◆ Data section:
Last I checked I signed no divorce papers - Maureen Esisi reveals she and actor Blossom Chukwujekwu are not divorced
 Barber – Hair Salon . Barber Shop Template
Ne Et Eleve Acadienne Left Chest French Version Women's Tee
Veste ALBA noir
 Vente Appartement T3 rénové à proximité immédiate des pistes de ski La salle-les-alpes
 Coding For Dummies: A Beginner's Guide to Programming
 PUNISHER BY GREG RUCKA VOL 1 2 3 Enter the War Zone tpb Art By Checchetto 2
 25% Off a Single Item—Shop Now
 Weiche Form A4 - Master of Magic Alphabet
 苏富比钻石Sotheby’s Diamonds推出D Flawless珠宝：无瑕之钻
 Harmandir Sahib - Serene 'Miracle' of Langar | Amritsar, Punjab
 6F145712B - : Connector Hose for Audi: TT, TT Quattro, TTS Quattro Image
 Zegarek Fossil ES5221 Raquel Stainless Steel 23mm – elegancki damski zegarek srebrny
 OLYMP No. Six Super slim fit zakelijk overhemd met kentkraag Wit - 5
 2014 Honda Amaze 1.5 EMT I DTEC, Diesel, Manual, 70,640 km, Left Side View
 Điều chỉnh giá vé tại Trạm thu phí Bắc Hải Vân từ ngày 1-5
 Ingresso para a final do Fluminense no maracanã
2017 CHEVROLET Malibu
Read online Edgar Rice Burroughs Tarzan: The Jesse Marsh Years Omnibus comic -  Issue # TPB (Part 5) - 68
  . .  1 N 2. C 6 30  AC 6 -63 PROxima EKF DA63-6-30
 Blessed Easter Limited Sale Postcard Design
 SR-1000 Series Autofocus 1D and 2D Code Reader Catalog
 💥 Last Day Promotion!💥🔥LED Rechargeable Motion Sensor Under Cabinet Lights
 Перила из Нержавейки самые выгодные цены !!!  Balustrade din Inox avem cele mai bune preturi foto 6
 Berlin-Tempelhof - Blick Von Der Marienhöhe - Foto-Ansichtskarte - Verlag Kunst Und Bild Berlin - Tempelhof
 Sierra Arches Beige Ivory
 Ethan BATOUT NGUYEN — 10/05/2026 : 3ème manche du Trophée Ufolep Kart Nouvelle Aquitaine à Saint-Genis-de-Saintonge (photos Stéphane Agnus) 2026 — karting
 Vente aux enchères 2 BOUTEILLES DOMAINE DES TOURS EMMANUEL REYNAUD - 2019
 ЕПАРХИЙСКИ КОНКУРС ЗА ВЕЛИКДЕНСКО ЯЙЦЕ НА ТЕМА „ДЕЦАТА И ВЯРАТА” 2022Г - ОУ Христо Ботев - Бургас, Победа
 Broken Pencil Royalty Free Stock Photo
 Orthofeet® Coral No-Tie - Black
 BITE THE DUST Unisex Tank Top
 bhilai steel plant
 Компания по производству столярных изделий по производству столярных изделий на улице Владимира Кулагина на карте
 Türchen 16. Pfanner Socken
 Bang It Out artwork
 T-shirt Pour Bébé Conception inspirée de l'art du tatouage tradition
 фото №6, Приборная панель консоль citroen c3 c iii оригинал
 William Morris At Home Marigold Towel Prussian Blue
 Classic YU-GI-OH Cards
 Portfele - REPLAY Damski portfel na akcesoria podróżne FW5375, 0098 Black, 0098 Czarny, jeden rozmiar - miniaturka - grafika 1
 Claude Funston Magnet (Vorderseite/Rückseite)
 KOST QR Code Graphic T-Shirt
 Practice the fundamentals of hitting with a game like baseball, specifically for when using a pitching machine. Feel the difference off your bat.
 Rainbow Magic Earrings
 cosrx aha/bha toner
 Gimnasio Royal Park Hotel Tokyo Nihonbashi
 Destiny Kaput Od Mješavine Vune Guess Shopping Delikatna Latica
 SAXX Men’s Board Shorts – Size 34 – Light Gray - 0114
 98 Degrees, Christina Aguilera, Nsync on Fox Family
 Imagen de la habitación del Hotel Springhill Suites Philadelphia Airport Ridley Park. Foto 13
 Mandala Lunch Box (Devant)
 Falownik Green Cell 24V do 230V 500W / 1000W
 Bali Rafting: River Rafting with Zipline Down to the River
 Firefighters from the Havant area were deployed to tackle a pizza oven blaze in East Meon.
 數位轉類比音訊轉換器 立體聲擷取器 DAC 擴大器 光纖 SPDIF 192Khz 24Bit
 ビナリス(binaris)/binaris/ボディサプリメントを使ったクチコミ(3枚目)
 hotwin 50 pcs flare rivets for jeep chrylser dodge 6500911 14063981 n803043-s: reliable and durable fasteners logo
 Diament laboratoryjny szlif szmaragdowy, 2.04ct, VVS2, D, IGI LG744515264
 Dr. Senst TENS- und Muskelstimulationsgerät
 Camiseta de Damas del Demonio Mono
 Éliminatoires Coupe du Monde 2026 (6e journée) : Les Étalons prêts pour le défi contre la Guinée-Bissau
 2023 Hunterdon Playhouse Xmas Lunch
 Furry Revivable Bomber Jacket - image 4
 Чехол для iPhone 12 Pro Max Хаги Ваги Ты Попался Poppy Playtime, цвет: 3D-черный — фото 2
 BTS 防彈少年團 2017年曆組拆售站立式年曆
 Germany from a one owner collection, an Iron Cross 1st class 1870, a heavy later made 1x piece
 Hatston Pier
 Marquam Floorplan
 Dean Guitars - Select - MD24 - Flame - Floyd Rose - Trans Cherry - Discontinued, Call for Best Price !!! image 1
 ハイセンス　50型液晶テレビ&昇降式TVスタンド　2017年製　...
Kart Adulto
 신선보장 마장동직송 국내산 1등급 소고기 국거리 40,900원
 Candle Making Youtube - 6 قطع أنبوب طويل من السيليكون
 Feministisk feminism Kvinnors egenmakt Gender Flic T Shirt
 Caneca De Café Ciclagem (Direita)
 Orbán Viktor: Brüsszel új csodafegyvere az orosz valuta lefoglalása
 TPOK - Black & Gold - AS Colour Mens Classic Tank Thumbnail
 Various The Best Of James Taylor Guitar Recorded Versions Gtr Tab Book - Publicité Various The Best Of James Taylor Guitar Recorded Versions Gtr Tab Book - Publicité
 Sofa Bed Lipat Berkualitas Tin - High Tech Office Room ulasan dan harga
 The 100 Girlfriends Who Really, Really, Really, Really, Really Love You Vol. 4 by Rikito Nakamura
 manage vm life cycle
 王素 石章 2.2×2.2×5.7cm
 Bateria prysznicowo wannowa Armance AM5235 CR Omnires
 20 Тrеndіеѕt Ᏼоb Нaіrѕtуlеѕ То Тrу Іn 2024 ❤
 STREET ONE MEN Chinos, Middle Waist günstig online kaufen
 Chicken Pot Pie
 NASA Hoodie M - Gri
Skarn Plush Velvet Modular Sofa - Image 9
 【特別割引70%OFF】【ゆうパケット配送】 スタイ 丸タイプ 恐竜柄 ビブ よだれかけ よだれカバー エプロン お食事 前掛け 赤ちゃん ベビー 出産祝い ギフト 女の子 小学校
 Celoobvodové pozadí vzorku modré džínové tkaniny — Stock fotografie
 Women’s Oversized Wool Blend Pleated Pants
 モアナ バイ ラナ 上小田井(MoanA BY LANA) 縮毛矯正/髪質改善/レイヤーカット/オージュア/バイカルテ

◆ Directions for this task:
In the data above, repeat exactly each line from the first through the line that contains "Blessed Easter Limited Sale Postcard Design", and give nothing else.

◆ Task answer:
Last I checked I signed no divorce papers - Maureen Esisi reveals she and actor Blossom Chukwujekwu are not divorced
 Barber – Hair Salon . Barber Shop Template
Ne Et Eleve Acadienne Left Chest French Version Women's Tee
Veste ALBA noir
 Vente Appartement T3 rénové à proximité immédiate des pistes de ski La salle-les-alpes
 Coding For Dummies: A Beginner's Guide to Programming
 PUNISHER BY GREG RUCKA VOL 1 2 3 Enter the War Zone tpb Art By Checchetto 2
 25% Off a Single Item—Shop Now
 Weiche Form A4 - Master of Magic Alphabet
 苏富比钻石Sotheby’s Diamonds推出D Flawless珠宝：无瑕之钻
 Harmandir Sahib - Serene 'Miracle' of Langar | Amritsar, Punjab
 6F145712B - : Connector Hose for Audi: TT, TT Quattro, TTS Quattro Image
 Zegarek Fossil ES5221 Raquel Stainless Steel 23mm – elegancki damski zegarek srebrny
 OLYMP No. Six Super slim fit zakelijk overhemd met kentkraag Wit - 5
 2014 Honda Amaze 1.5 EMT I DTEC, Diesel, Manual, 70,640 km, Left Side View
 Điều chỉnh giá vé tại Trạm thu phí Bắc Hải Vân từ ngày 1-5
 Ingresso para a final do Fluminense no maracanã
2017 CHEVROLET Malibu
Read online Edgar Rice Burroughs Tarzan: The Jesse Marsh Years Omnibus comic -  Issue # TPB (Part 5) - 68
  . .  1 N 2. C 6 30  AC 6 -63 PROxima EKF DA63-6-30
 Blessed Easter Limited Sale Postcard Design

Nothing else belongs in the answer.